#### Problem description:
Below are records that should be duplicated exactly, with no image retained.

[Dataset excerpts]
□ □ □ □

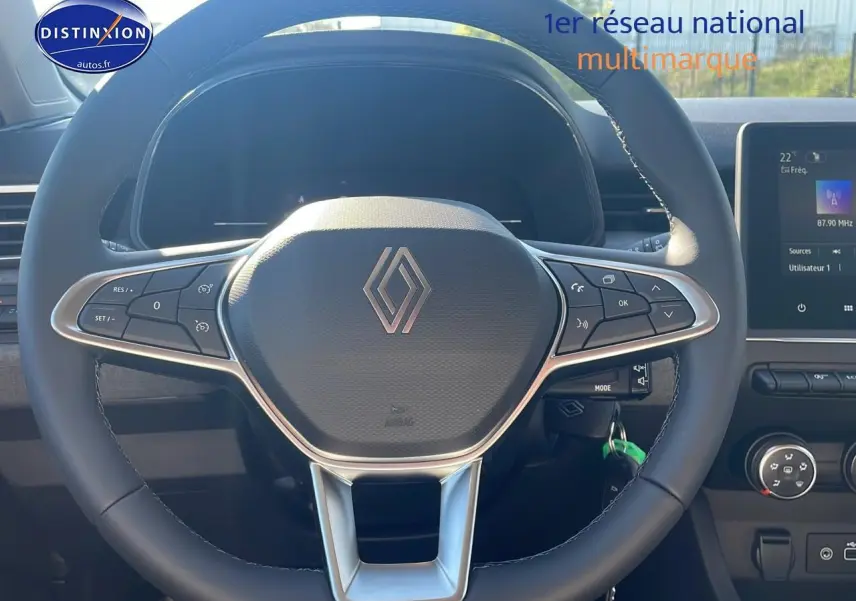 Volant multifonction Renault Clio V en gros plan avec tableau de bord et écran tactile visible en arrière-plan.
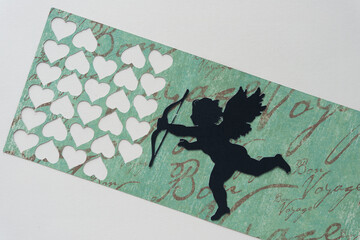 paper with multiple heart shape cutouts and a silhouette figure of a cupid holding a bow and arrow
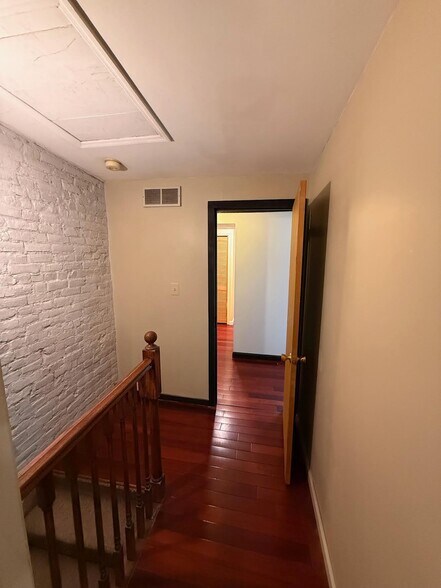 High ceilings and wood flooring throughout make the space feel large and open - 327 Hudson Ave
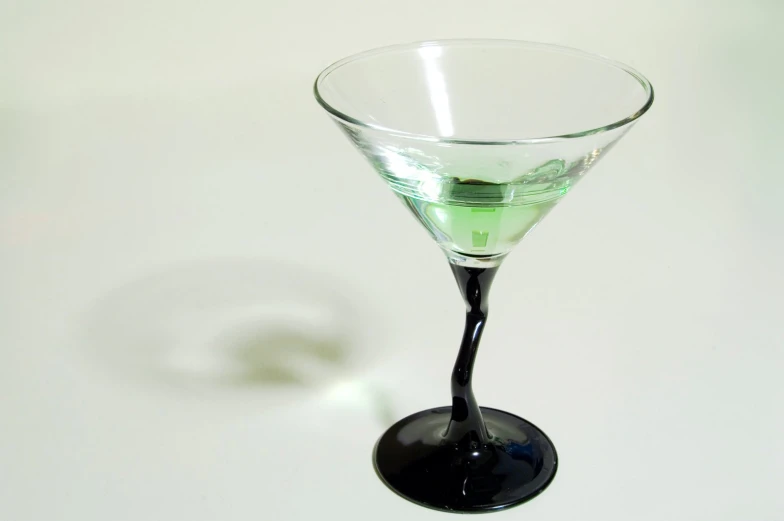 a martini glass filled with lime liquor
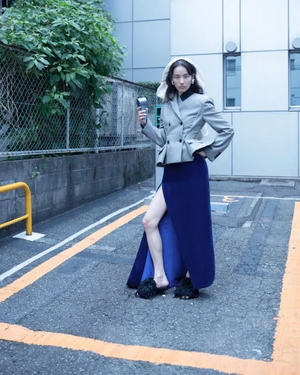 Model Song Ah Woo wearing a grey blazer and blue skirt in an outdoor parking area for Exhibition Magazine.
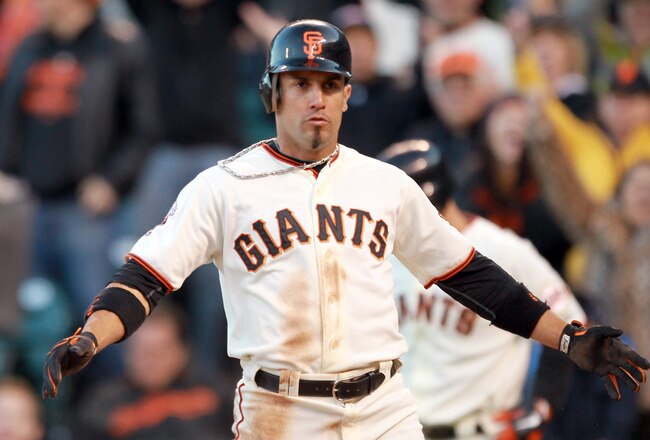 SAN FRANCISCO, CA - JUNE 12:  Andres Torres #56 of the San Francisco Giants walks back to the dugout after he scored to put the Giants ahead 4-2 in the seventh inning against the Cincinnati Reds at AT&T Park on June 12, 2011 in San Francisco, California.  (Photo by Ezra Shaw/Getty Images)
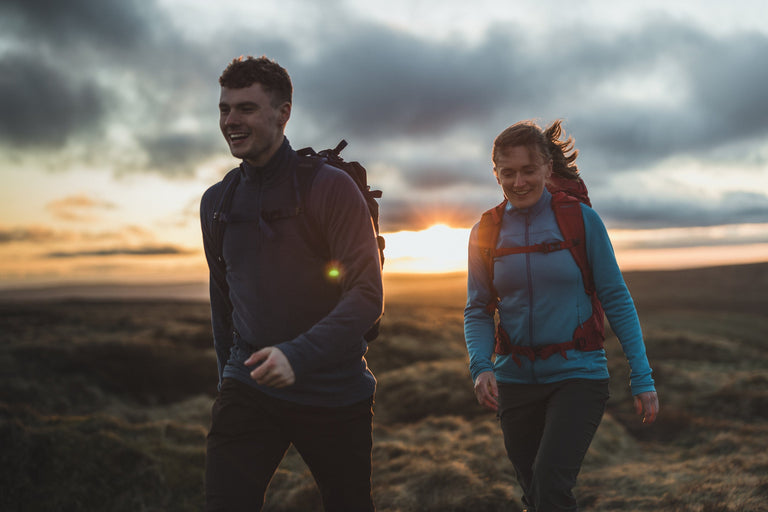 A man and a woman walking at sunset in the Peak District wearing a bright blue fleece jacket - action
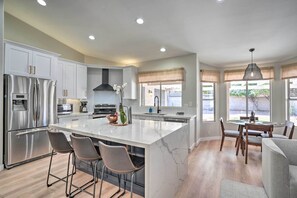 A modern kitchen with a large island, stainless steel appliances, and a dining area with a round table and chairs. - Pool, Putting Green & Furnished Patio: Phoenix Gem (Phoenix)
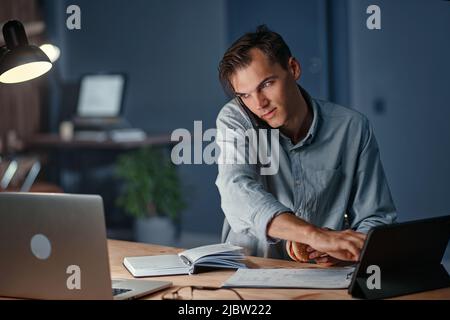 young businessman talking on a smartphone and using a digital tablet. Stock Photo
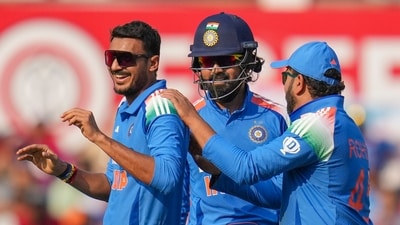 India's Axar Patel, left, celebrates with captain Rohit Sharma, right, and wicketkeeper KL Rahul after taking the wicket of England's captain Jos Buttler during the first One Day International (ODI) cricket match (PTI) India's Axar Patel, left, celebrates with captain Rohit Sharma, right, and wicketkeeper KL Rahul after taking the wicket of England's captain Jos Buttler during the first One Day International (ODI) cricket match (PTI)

□ □ □ □

#### Output of the task:
 Volant multifonction Renault Clio V en gros plan avec tableau de bord et écran tactile visible en arrière-plan.
 paper with multiple heart shape cutouts and a silhouette figure of a cupid holding a bow and arrow
 High ceilings and wood flooring throughout make the space feel large and open - 327 Hudson Ave
 a martini glass filled with lime liquor
 Model Song Ah Woo wearing a grey blazer and blue skirt in an outdoor parking area for Exhibition Magazine.
 SAN FRANCISCO, CA - JUNE 12:  Andres Torres #56 of the San Francisco Giants walks back to the dugout after he scored to put the Giants ahead 4-2 in the seventh inning against the Cincinnati Reds at AT&T Park on June 12, 2011 in San Francisco, California.  (Photo by Ezra Shaw/Getty Images)
 A man and a woman walking at sunset in the Peak District wearing a bright blue fleece jacket - action
 A modern kitchen with a large island, stainless steel appliances, and a dining area with a round table and chairs. - Pool, Putting Green & Furnished Patio: Phoenix Gem (Phoenix)
 young businessman talking on a smartphone and using a digital tablet. Stock Photo
 India's Axar Patel, left, celebrates with captain Rohit Sharma, right, and wicketkeeper KL Rahul after taking the wicket of England's captain Jos Buttler during the first One Day International (ODI) cricket match (PTI) India's Axar Patel, left, celebrates with captain Rohit Sharma, right, and wicketkeeper KL Rahul after taking the wicket of England's captain Jos Buttler during the first One Day International (ODI) cricket match (PTI)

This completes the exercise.